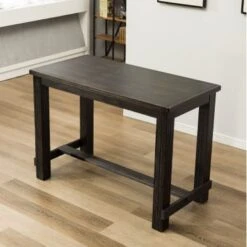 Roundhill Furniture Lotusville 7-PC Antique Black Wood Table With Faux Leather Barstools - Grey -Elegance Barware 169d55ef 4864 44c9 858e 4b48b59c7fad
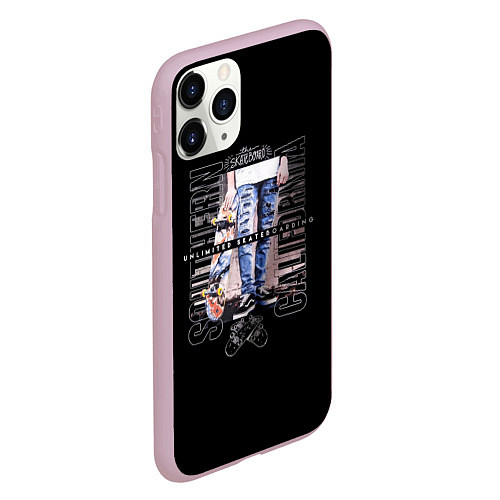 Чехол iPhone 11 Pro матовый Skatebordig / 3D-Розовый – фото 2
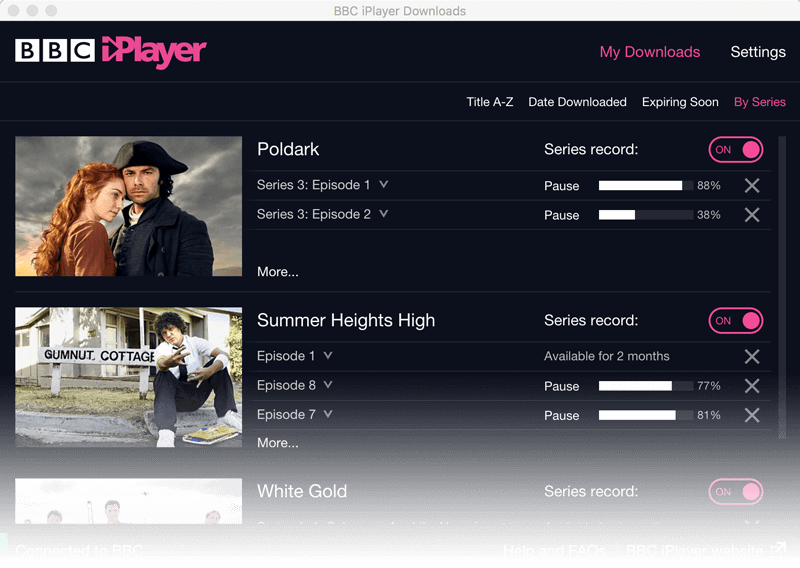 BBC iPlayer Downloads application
---
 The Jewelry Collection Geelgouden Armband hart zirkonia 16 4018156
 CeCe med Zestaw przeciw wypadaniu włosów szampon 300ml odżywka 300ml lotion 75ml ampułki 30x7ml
...
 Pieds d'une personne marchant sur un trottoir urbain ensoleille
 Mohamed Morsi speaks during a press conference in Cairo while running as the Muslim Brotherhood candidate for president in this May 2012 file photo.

▸ Assignment: Among the entries above, take the lines from the one with "Чехол iPhone 11" through the one with "BBC iPlayer Downloads application" and retype them exactly, leaving out the pictures.

▸ Output for this exercise:
 Чехол iPhone 11 Pro матовый Skatebordig / 3D-Розовый – фото 2
 BBC iPlayer Downloads application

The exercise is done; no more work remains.